▸ Try it
Each line in the material below, starting at the one that contains "a living room" and ending at the one that contains "Charming single-story home", should be repeated exactly; the pictures should not.

▸ Records supplied
- - - - - - -

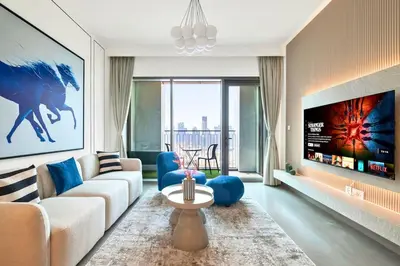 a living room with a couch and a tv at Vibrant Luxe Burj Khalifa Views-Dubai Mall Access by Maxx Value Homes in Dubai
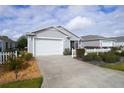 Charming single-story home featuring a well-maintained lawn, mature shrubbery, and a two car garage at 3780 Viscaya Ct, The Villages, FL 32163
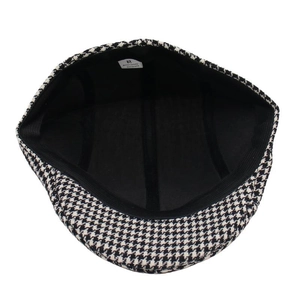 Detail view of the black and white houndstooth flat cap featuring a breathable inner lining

- - - - - - -

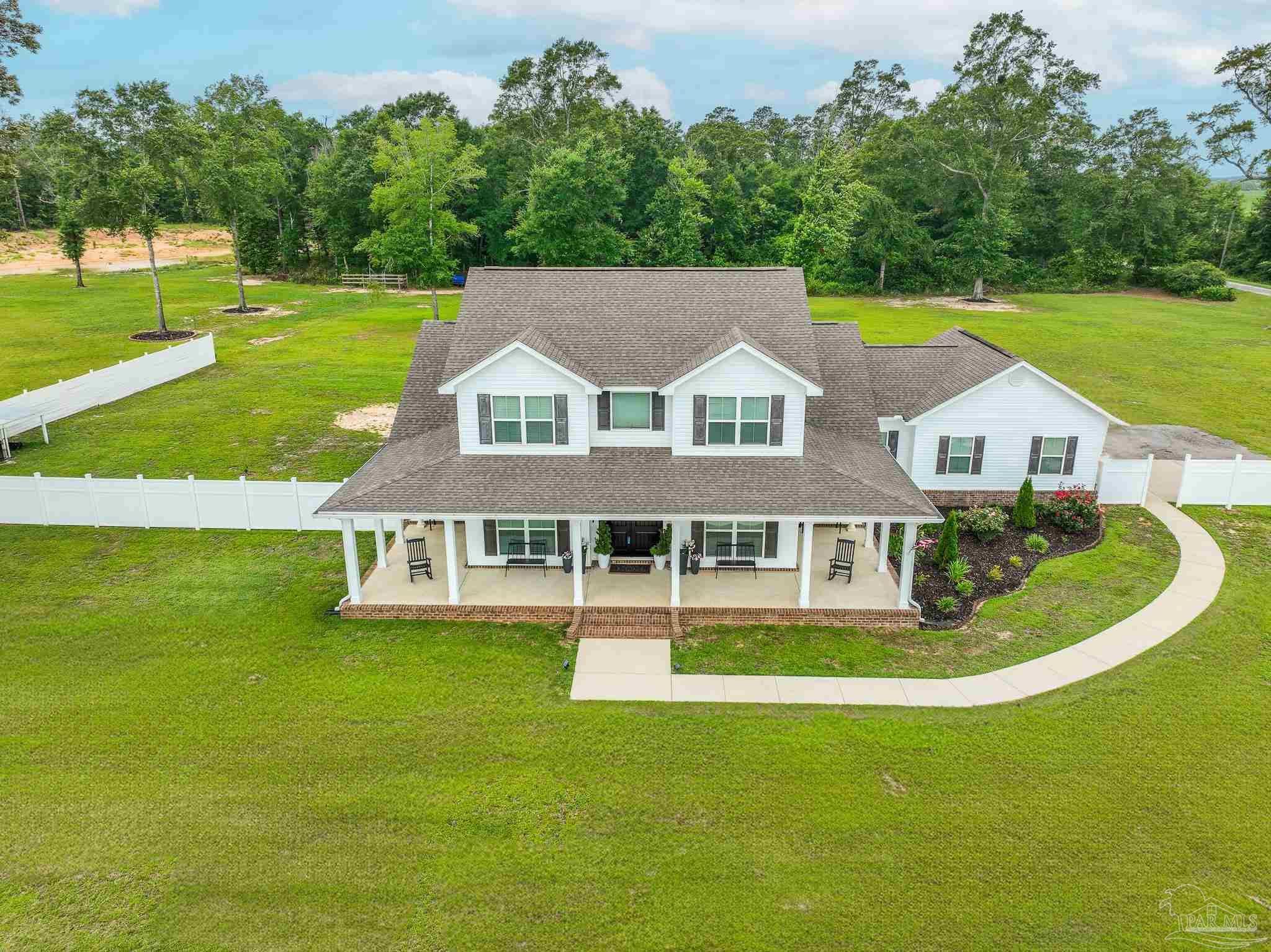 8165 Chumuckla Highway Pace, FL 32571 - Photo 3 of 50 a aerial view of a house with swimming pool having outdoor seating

- - - - - - -

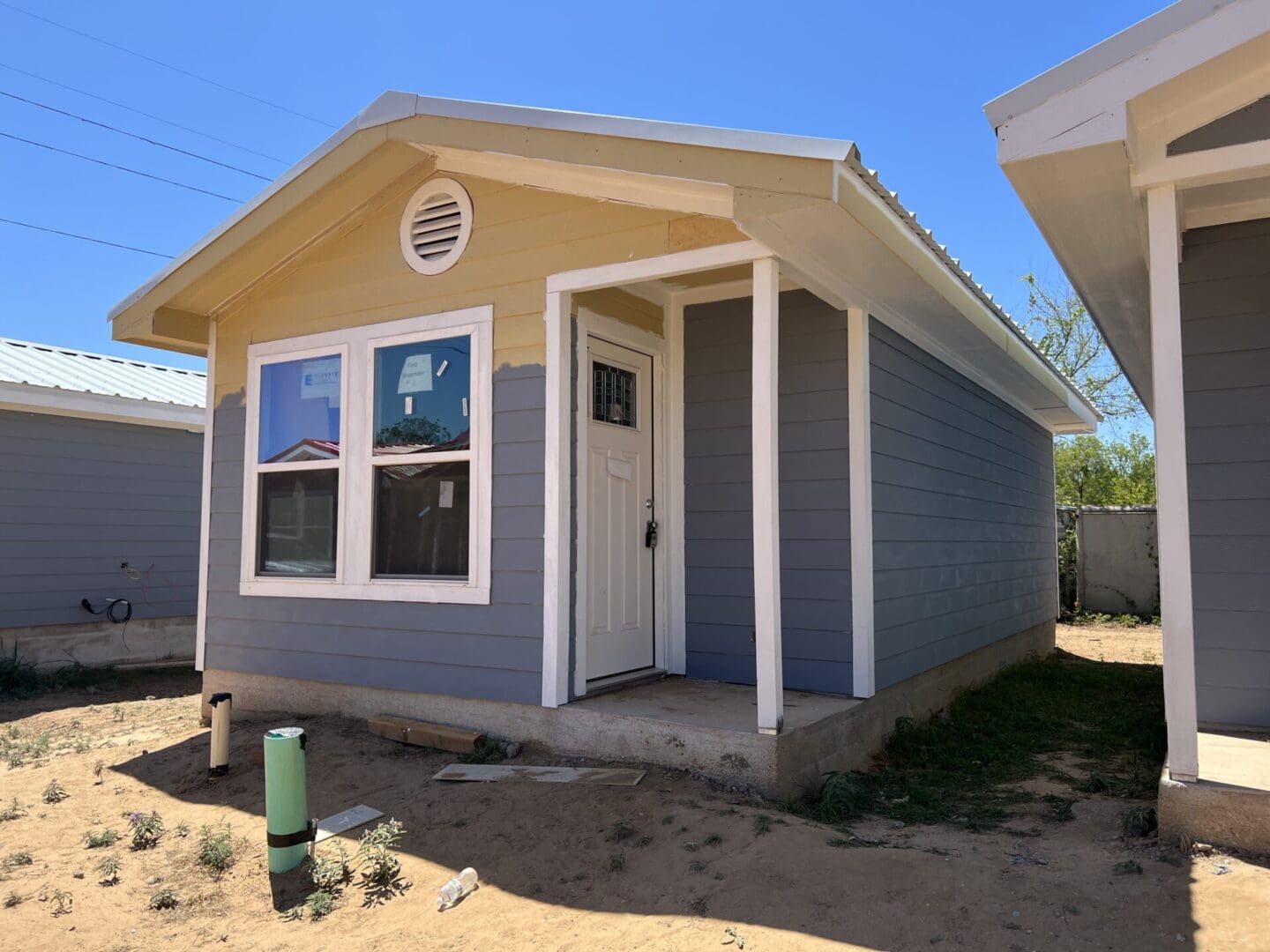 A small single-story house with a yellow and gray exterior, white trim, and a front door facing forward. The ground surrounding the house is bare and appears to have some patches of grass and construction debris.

- - - - - - -

▸ Response to the exercise
 a living room with a couch and a tv at Vibrant Luxe Burj Khalifa Views-Dubai Mall Access by Maxx Value Homes in Dubai
 Charming single-story home featuring a well-maintained lawn, mature shrubbery, and a two car garage at 3780 Viscaya Ct, The Villages, FL 32163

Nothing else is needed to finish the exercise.